_Data shown_
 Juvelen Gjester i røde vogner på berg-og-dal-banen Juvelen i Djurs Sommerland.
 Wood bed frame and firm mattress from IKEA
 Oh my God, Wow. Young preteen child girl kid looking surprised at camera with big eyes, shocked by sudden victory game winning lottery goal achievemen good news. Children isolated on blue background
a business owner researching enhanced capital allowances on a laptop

* * *

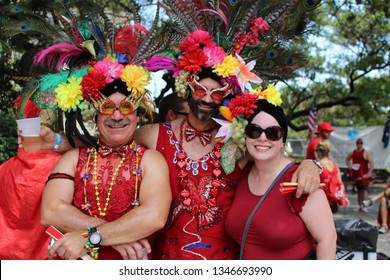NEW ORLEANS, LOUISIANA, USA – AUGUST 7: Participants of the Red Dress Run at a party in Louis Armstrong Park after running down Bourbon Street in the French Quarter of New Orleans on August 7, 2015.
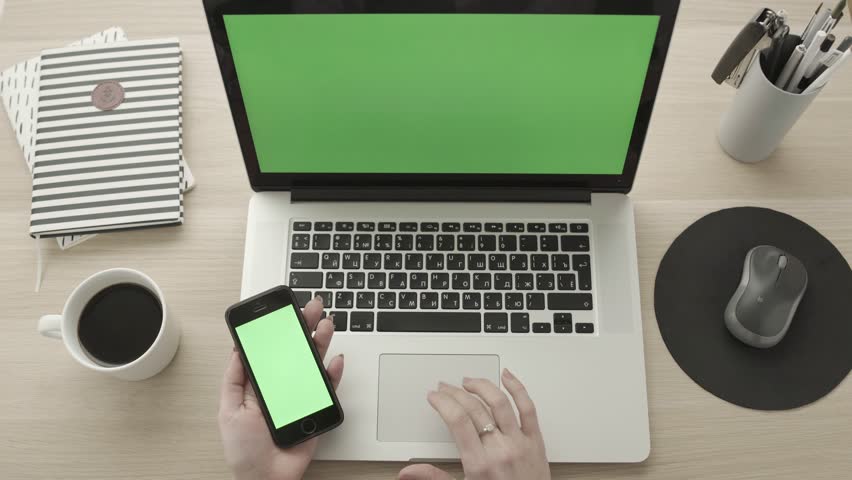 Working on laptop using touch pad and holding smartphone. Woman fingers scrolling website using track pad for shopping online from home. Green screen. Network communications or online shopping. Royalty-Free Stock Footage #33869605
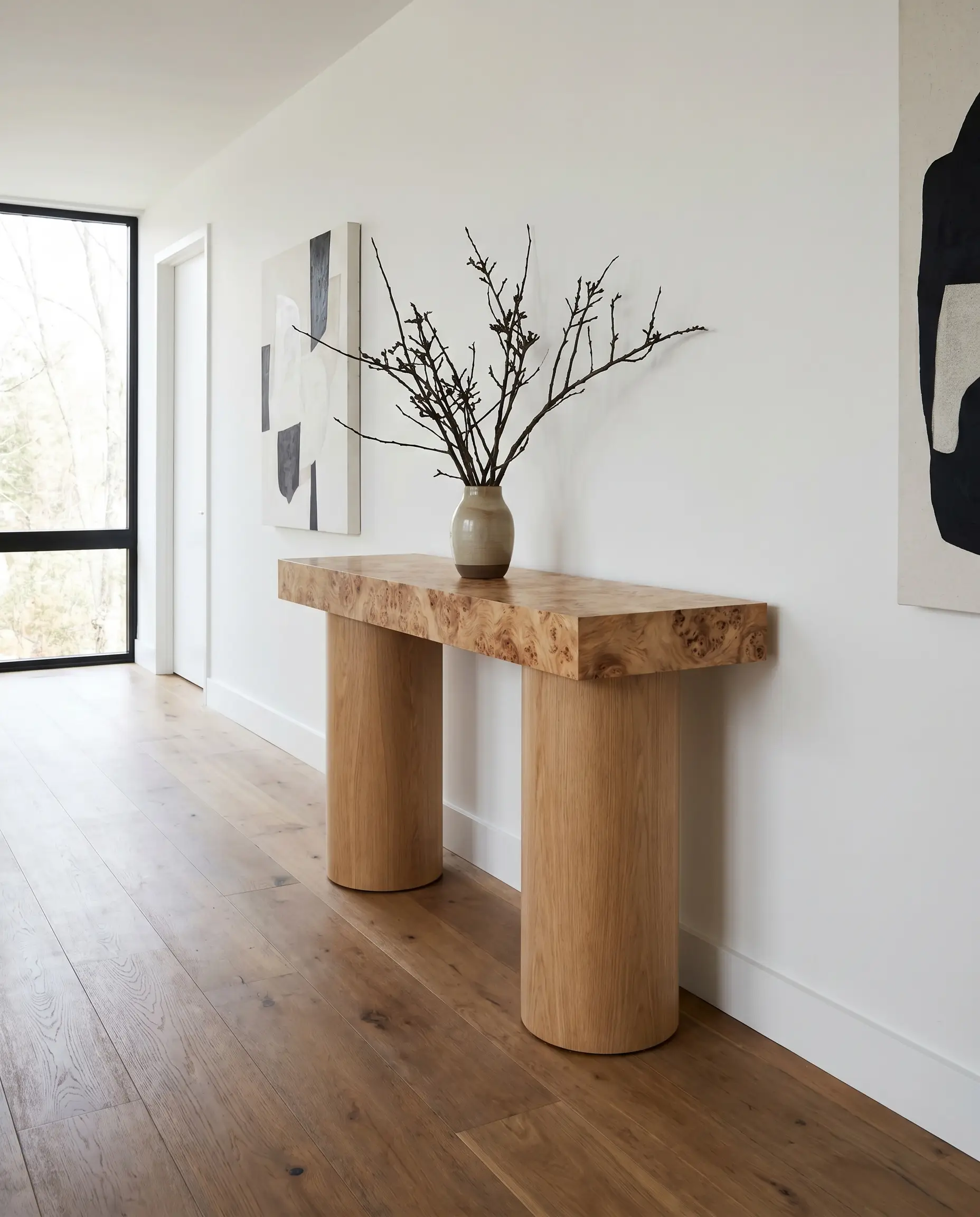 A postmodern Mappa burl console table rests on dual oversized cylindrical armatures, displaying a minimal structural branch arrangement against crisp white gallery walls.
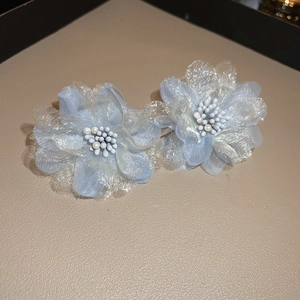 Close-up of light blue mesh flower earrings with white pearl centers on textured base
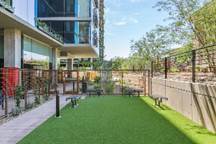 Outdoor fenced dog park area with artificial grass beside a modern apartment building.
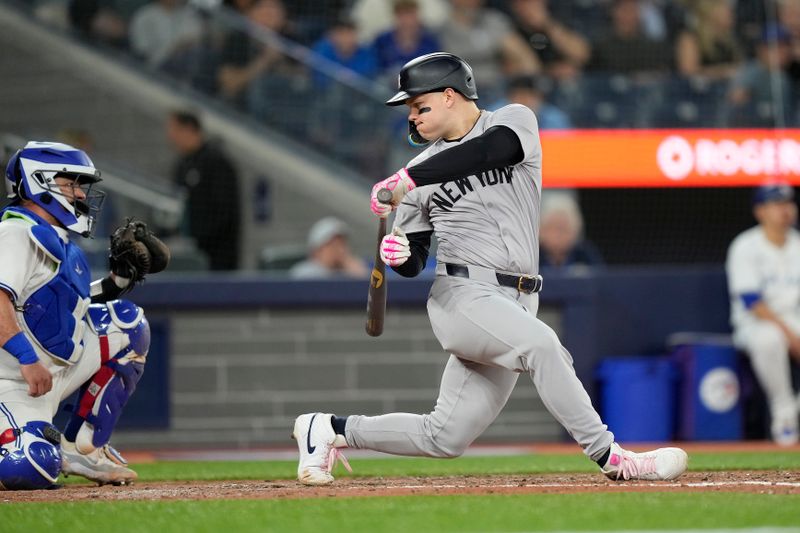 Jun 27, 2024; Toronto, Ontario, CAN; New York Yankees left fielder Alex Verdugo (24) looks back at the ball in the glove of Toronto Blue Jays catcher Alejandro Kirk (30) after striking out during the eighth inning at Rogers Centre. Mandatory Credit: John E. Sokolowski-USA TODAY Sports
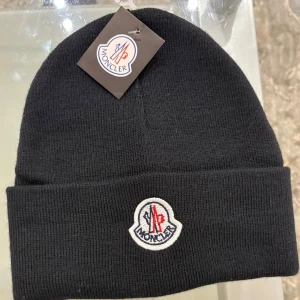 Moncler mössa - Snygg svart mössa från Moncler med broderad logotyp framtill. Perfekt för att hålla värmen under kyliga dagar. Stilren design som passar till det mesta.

_Brief_
Would you output only the span of the records above that opens with the line containing "Working on laptop" and closes with the line containing "Moncler mössa - Snygg", ends included and pictures dropped?

_Task output_
 Working on laptop using touch pad and holding smartphone. Woman fingers scrolling website using track pad for shopping online from home. Green screen. Network communications or online shopping. Royalty-Free Stock Footage #33869605
 A postmodern Mappa burl console table rests on dual oversized cylindrical armatures, displaying a minimal structural branch arrangement against crisp white gallery walls.
 Close-up of light blue mesh flower earrings with white pearl centers on textured base
 Outdoor fenced dog park area with artificial grass beside a modern apartment building.
 Jun 27, 2024; Toronto, Ontario, CAN; New York Yankees left fielder Alex Verdugo (24) looks back at the ball in the glove of Toronto Blue Jays catcher Alejandro Kirk (30) after striking out during the eighth inning at Rogers Centre. Mandatory Credit: John E. Sokolowski-USA TODAY Sports
 Moncler mössa - Snygg svart mössa från Moncler med broderad logotyp framtill. Perfekt för att hålla värmen under kyliga dagar. Stilren design som passar till det mesta.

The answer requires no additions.